You should see an event with:
tool_name:gemini-apimcp_server:gemini-proxyaction:POSTpolicy_result:allow
Audited Metadata
The proxy logs the following -- message content and system instruction text are never stored:
| Field | Example |
|---|---|
| Model | gemini-2.0-flash (extracted from URL path) |
| Has system instruction | true (boolean only) |
| Has tools | true (boolean only) |
| Message count | 3 (number of contents entries) |
| Input tokens (promptTokenCount) | 89 |
| Output tokens (candidatesTokenCount) | 234 |
| Finish reason | STOP |
The model name is extracted from the URL path. For example, v1beta/models/gemini-1.5-pro:generateContent yields gemini-1.5-pro.
Key Header
| Header | Purpose |
|---|---|
Authorization: Bearer <jwt> | Behavry agent identity (validated, never forwarded) |
X-Gemini-Key: AIza... | Google API key (forwarded as x-goog-api-key upstream, never logged) |
The proxy strips your Behavry JWT and replaces it with the standard Google authentication header. Your API key never appears in audit logs.
Endpoint
POST /api/v1/gemini/{path}
The {path} parameter captures the full Gemini API path. All standard Gemini API endpoints are supported:
| Gemini Endpoint | Behavry Path |
|---|---|
v1beta/models/gemini-2.0-flash:generateContent | /api/v1/gemini/v1beta/models/gemini-2.0-flash:generateContent |
v1beta/models/gemini-2.0-flash:streamGenerateContent | /api/v1/gemini/v1beta/models/gemini-2.0-flash:streamGenerateContent |
v1beta/models | /api/v1/gemini/v1beta/models |
Query parameters are forwarded as-is.
Streaming
Streaming is fully supported. When the upstream Gemini response uses text/event-stream content type (e.g., streamGenerateContent), the proxy passes SSE chunks through without buffering. An audit event is published at the start of the stream with the upstream status code; token counts from individual stream chunks are not aggregated.
Policy Control
Example OPA policy to restrict model access:
package behavry.authz
# Only allow specific Gemini models
deny if {
input.mcp_server == "gemini-proxy"
not startswith(input.model, "gemini-2.0")
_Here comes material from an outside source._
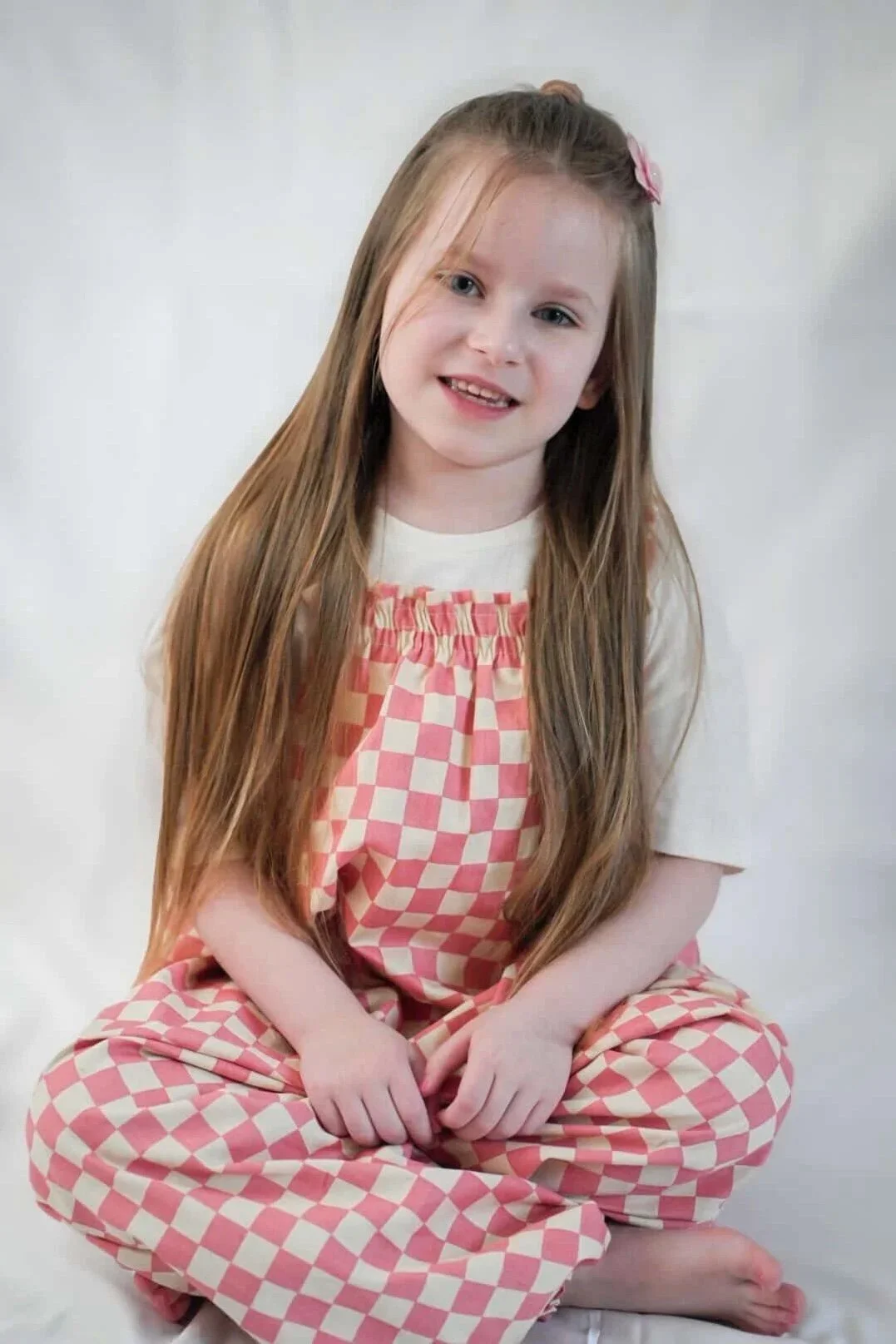 girl wearing organic cotton checkerboard dungarees in pink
not startswith(input.model, "gemini-1.5")
}
# Block Gemini usage for specific agent roles
deny if {
input.mcp_server == "gemini-proxy"
input.agent_role == "read-only"
}
Troubleshooting
401 from Behavry
JWT expired or missing. Re-fetch using Step 1.
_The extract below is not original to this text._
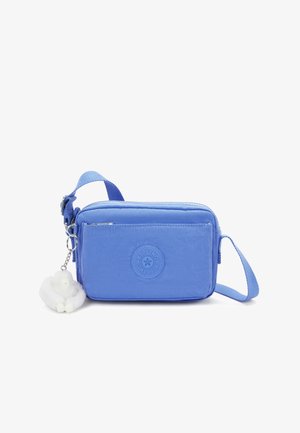 Blue nylon crossbody bag with a front pocket, adjustable strap, and a white fur charm. Features a circular logo embossed on the front.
401 from Google (passed through)
Your X-Gemini-Key is invalid or the API key does not have access to the requested model. Verify your Google AI API key in the Google AI Studio.
Missing X-Gemini-Key
The proxy returns 401 if the X-Gemini-Key header is not present. Ensure your SDK configuration includes this header.
504 Gateway Timeout
The upstream Gemini API request exceeded the 120-second timeout. For long-running requests, consider breaking them into smaller prompts.
Model not found in audit
The proxy extracts the model name from the URL path segment containing a colon (e.g., gemini-2.0-flash from gemini-2.0-flash:generateContent). If your path does not match this pattern, the model field may be null in audit events.